Scraped caption text data

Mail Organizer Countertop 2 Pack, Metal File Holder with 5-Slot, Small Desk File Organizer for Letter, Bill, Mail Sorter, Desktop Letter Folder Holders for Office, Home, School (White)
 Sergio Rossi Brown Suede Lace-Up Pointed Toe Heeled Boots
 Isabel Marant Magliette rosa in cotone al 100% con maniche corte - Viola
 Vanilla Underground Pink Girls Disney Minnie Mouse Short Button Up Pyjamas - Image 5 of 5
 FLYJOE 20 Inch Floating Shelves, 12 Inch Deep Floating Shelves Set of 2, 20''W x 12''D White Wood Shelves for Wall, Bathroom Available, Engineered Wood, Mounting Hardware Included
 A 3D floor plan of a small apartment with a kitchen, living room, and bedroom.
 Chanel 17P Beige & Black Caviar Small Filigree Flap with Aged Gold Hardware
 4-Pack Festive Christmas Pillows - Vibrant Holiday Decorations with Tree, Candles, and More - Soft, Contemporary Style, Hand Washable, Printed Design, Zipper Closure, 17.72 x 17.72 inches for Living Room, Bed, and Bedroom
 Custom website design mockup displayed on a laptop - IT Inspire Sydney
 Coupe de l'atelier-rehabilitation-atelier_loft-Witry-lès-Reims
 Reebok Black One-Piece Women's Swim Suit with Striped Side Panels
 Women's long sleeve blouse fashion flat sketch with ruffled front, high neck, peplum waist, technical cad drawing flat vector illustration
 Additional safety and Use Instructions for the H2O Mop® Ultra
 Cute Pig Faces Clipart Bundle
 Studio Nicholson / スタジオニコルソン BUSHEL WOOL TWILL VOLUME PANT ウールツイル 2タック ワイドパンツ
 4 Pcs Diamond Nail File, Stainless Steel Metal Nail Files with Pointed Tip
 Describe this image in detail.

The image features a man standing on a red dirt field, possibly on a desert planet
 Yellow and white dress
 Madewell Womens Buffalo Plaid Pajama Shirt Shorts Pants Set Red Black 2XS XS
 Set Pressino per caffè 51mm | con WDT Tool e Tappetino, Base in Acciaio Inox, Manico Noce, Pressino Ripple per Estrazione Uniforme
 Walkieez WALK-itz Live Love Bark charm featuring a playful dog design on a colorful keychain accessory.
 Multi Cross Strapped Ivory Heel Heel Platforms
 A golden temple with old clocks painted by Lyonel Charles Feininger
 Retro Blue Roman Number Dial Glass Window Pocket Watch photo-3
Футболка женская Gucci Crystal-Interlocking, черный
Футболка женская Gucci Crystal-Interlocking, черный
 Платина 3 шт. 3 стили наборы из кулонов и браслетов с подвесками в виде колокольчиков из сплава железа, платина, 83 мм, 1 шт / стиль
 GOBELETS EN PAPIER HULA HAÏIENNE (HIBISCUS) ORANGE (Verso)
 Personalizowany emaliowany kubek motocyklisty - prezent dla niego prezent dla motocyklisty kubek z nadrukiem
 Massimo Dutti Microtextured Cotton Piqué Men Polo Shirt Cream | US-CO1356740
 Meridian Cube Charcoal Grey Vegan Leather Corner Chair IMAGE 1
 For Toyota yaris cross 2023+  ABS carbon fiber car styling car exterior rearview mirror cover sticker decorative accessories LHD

# REQUIRED WORK
The answer must be every line of the records that contains the word "File".

# TASK RESPONSE
Mail Organizer Countertop 2 Pack, Metal File Holder with 5-Slot, Small Desk File Organizer for Letter, Bill, Mail Sorter, Desktop Letter Folder Holders for Office, Home, School (White)
 4 Pcs Diamond Nail File, Stainless Steel Metal Nail Files with Pointed Tip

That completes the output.